Introduction to Contagion

From the Latin contagium, contagion is the transmission of a disease by immediate or immediate contact. A contagious disease, therefore, is one that a sick person can transmit to a healthy person.

For example: “I think the contagion occurred at school since, these days, there are several children with chickenpox”, “If you want to avoid contagion, you would have to wear a mask when entering the room”, “The use of A condom (or condom) is essential to minimize the risk of HIV infection ”.

The contagion of a disease, therefore, occurs when a healthy individual comes into direct or indirect contact with another who suffers from a certain infectious disease. Among the contagious diseases can be named those that are known as exanthematic, characterized by a rash on the skin.

The chickenpox, the measles, the measles and scarlet fever are some of the most contagious diseases known.
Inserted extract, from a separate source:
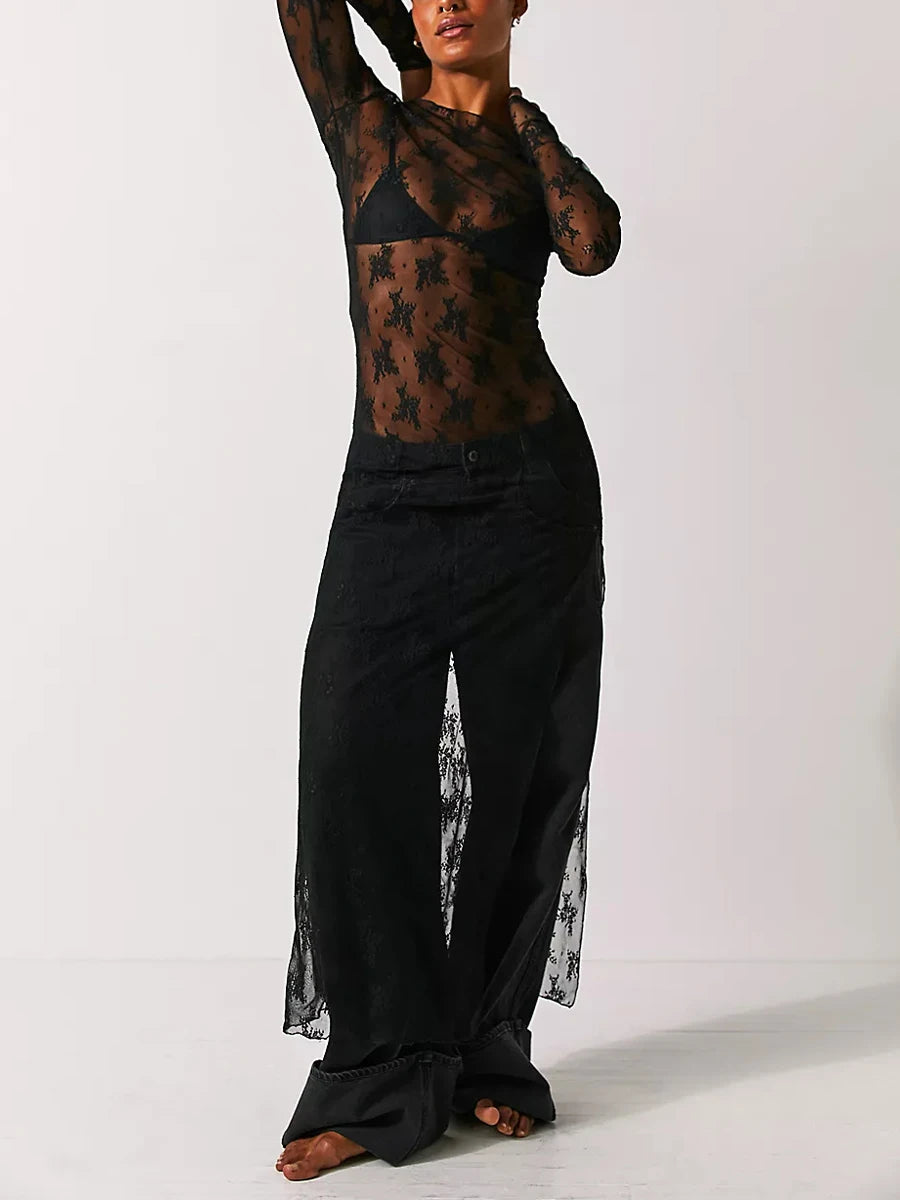 2025 New Womens See-Through Lace Dress, Long Sleeve Round Neck Slit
It is frequent that it affects children and that the contagion occurs in the most common meeting places, such as school, a club or a square. When a child contracts this disease, he can pass it on to all those around him. That is why it is necessary that, once the contagious disease is detected, the patient secludes himself or takes certain precautions to avoid spreading the infection.


Chickenpox is a viral infection that produces a series of very itchy blisters all over the human body. In the past, it was one of the common childhood illnesses, but since a vaccine was found to deal with it, its occurrence has decreased considerably.

The name of the virus that causes it is varicella zoster and belongs to the family of the herpesvirus. One of the most worrying characteristics of chickenpox is its risk of contagion, since it is very high. Just being near an infected person while sneezing is enough to become infected, and the same happens when exposing yourself to the liquid contained in one of the blisters.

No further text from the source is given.